Playlist : Ellie Goulding - Hate Me"Kita tak bisa menarik kesimpulan sebegitu mudahnya hanya karena satu kesalahan saja bukan?"
---
Resya.
Gadis itu berlarian kecil karena waktu yang Mahessa berikan hampir sampai. Dia tak mungkin terlambat bukan? Satu kesalahan kecilnya dahulu membuatnya rapuh hingga sekarang.
Hidup didalam kesendiriannya adalah sebuah nasib yang begitu naas ketika tahu bahwa sosok itulah yang kini memerintahkan dirinya.
Napasnya tersengal, kakinya seolah sudah sangat lelah hingga bisa terjadi kalau ia jatuh tanpa sebab benda disekitarnya melainkan jatuh karena ketidakseimbangan dirinya.
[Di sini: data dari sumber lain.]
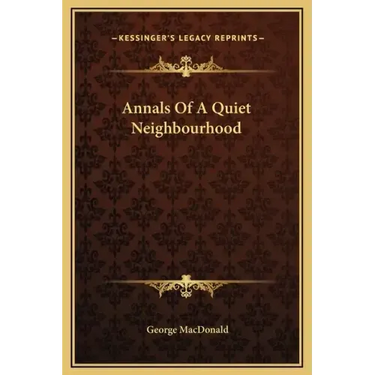 Annals of a Quiet Neighbourhood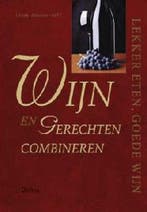 Wijn en gerechten combineren 9789024376650 L. Johnson-Bell, Verzenden, L. Johnson-Bell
Namun, sesuatu membuat dirinya terjatuh... Benar, ia tak seimbang setelah melihat sosok yang dipenuhi darah menatapnya.
Mereka saling menatap tetapi Resya dengan cepat berlari melanjutkan perjalanannya. Ia sudah sampai sebentar lagi, ia tak boleh ingkar lagi.
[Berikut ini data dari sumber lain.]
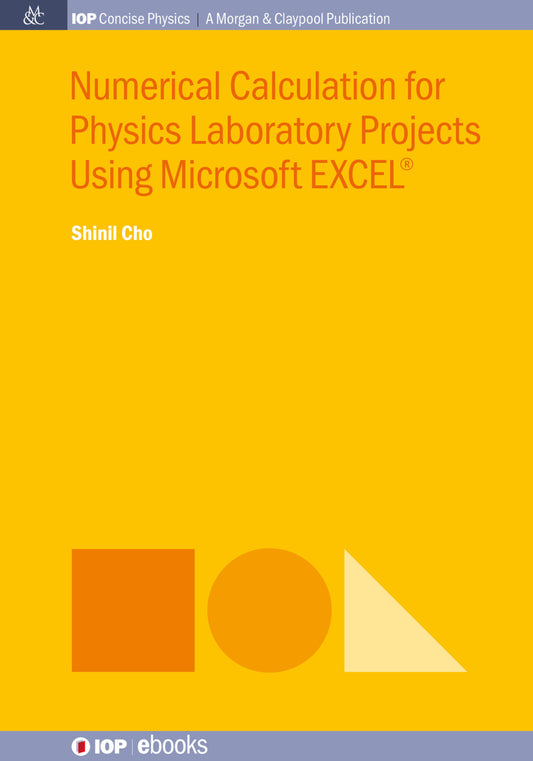 Numerical Calculation for Physics Laboratory Projects Using Microsoft EXCEL®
"Sejak kapan gadis sepertimu ingin melakukan kesalahan yang sama?"
Suara itu, Resya langsung menegang. Sekujur tubuhnya bersitegang seketika. Matanya memandang lurus, ia yakin Mahessa sudah ditempat ini jauh sebelum dirinya kesini.
"Kau ingin kau sendiri adalah kesendirian terakhir itu?"
Resya menggeleng cepat, "tidak, maaf aku terlambat."
Tiba saja setelah mengucapkan itu, Resya dilempari sebuah kertas-kertas yang Resya mengerti bahwa itu bentuk fisik dari dokumen-dokumen yang disebarkan oleh seorang peretas dibawah perintah Athanase Atlantuisa.
"Dia mencoba membunuh semua Nevada dengan ini. Kau tahu kan apa sebabnya?! JAWAB BODOH!" Apa ia sedang dibentak?
Resya menunduk, dia tak paham. Dia selalu melakukan perintah dan melakukannya dengan sebisa mungkin benar dan baik.
"Kau tahu kan? Dia ingin menghancurkan Metro, itu artinya dia juga ingin menghancurkan Nevada! Kau tahu apa salahmu?"
Resya menggeleng, lalu setiba mungkin Mahessa sudah mencekik lehernya sangat kencang membuat dirinya tak bisa berbicara apapun.
"Salahmu itu, tak menyimpan dokumennya baik-baik. Kau sudah tahu kan kalau pengamanan Metro bulan-bulan ini sedang diteror karena dua musuh tak terlihat tapi sekarang satu sudah menunjukan taringnya sendiri. Kusuruh kau yang menyimpan karena orang yang sudah membuat data itu tewas dua bulan lalu! Salahmu disitu, kau lemah pengamanan!" Sangat keras suara pemuda itu.
Sekeras lemparannya, Mahessa melempar tubuh gadis kecil itu hingga jauh dari dirinya. Resya meringis ketika ia jatuh ditanah yang banyak kerikilnya. Rasa sakit itu kembali ia rasakan ketika Mahessa menginjak kepalanya.
"Tidak akan kuakhiri kau sekarang karena tempat persembunyianmu bersama dengan keturunan Premoirs juga anak sialan dari Vigas itu sudah kulemparkan bom. Jadi, dua musuh itu sudah menunjukkan taringnya masing-masing tanpa harus kukejar sampai manapun." Ucapannya itu, Resya terdiam.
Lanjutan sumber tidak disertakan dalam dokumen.